Guided exploration of genomic risk for gray matter abnormalities in schizophrenia using parallel independent component analysis with reference

Jiayu Chen; Vince D. Calhoun; Godfrey D. Pearlson; Nora Perrone-Bizzozero; Jing Sui; Jessica A. Turner; Juan R. Bustillo; Stefan Ehrlich; Scott R. Sponheim; José M. Cañive; Beng Choon Ho; Jingyu Liu

doi:10.1016/j.neuroimage.2013.05.073

Guided exploration of genomic risk for gray matter abnormalities in schizophrenia using parallel independent component analysis with reference

Jiayu Chen, Vince D. Calhoun, Godfrey D. Pearlson, Nora Perrone-Bizzozero, Jing Sui, Jessica A. Turner, Juan R. Bustillo, Stefan Ehrlich, Scott R. Sponheim, José M. Cañive, Beng Choon Ho, Jingyu Liu

Psychiatry & Behavioral Sciences

Research output: Contribution to journal › Article › peer-review

40 Scopus citations

Abstract

One application of imaging genomics is to explore genetic variants associated with brain structure and function, presenting a new means of mapping genetic influences on mental disorders. While there is growing interest in performing genome-wide searches for determinants, it remains challenging to identify genetic factors of small effect size, especially in limited sample sizes. In an attempt to address this issue, we propose to take advantage of a priori knowledge, specifically to extend parallel independent component analysis (pICA) to incorporate a reference (pICA-R), aiming to better reveal relationships between hidden factors of a particular attribute. The new approach was first evaluated on simulated data for its performance under different configurations of effect size and dimensionality. Then pICA-R was applied to a 300-participant (140 schizophrenia (SZ) patients versus 160 healthy controls) dataset consisting of structural magnetic resonance imaging (sMRI) and single nucleotide polymorphism (SNP) data.
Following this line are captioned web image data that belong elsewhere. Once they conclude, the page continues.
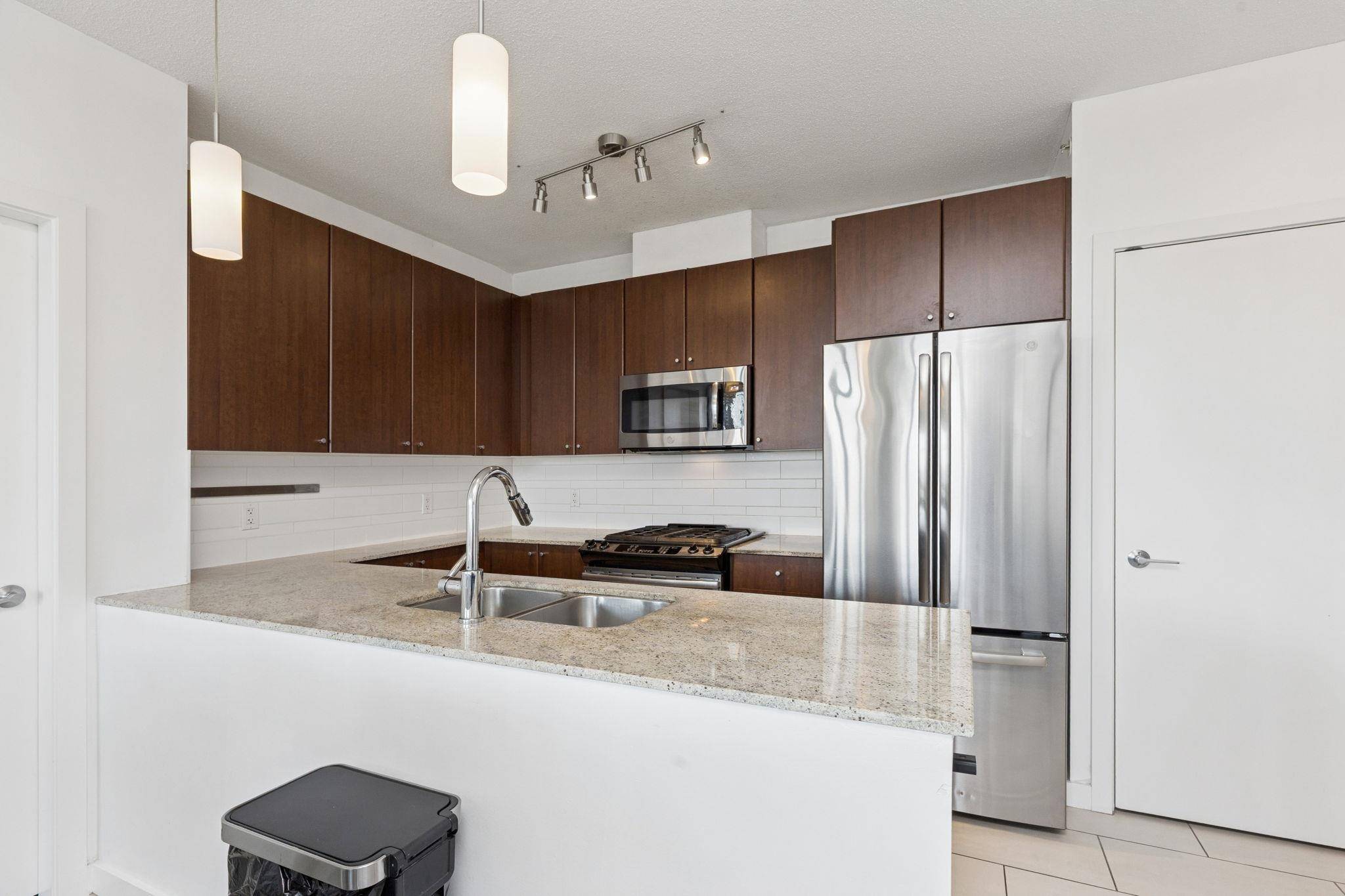 New Westminster, BC V3L 0C2,280 Ross DR #1206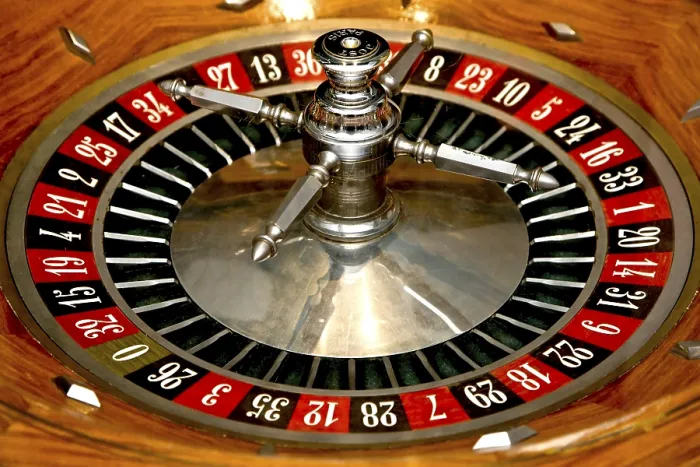 Framed Print : Roulette Wheel Print from imageBROKER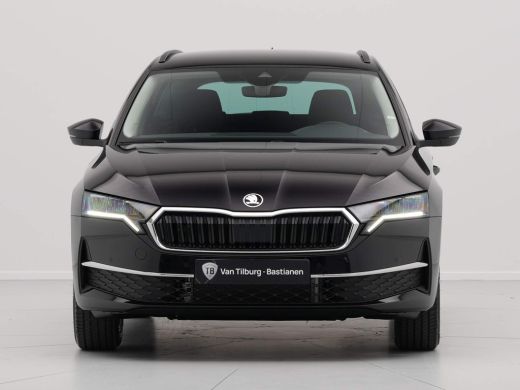 Skoda Octavia Combi 1.5 TSI 115pk Business Edition Plus Navigatie Camera Clima Cruise 198 ActivLease financial lease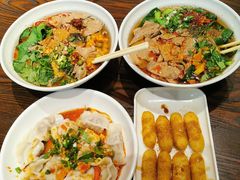 -爆炸头阿姨小四川正宗川味小吃(无任何分店)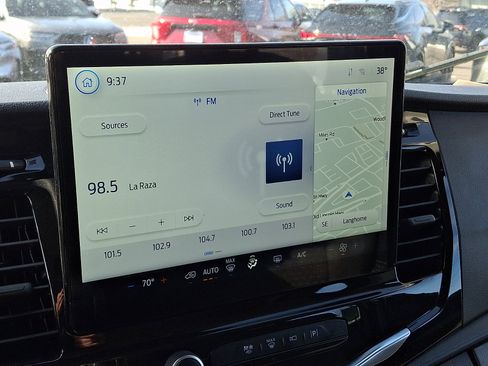 Used 2023 Ford Transit 350 XLT image 18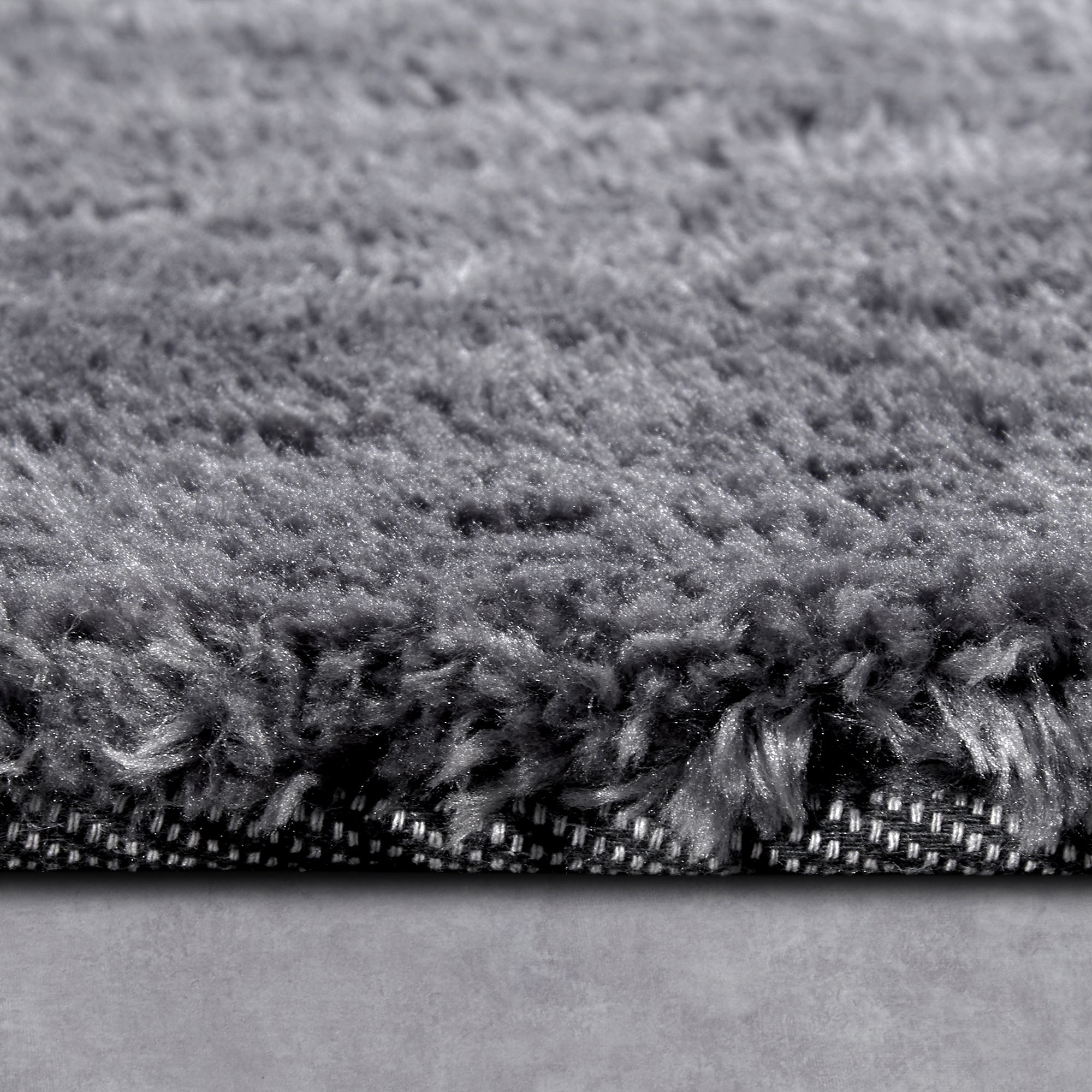 Tapis poils longs 38mm OLA Anthracite – STUDIO DECO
Guided by a reference SNP set derived from ANK3, a gene implicated by the Psychiatric Genomic Consortium SZ study, pICA-R identified one pair of SNP and sMRI components with a significant loading correlation of 0.27 (p=1.64×10^-6). The sMRI component showed a significant group difference in loading parameters between patients and controls (p=1.33×10^-15), indicating SZ-related reduction in gray matter concentration in prefrontal and temporal regions. The linked SNP component also showed a group difference (p=0.04) and was predominantly contributed to by 1030 SNPs. The effect of these top contributing SNPs was verified using association test results of the Psychiatric Genomic Consortium SZ study, where the 1030 SNPs exhibited significant SZ enrichment compared to the whole genome. In addition, pathway analyses indicated the genetic component majorly relating to neurotransmitter and nervous system signaling pathways. Given the simulation and experiment results, pICA-R may prove a promising multivariate approach for use in imaging genomics to discover reliable genetic risk factors under a scenario of relatively high dimensionality and small effect size.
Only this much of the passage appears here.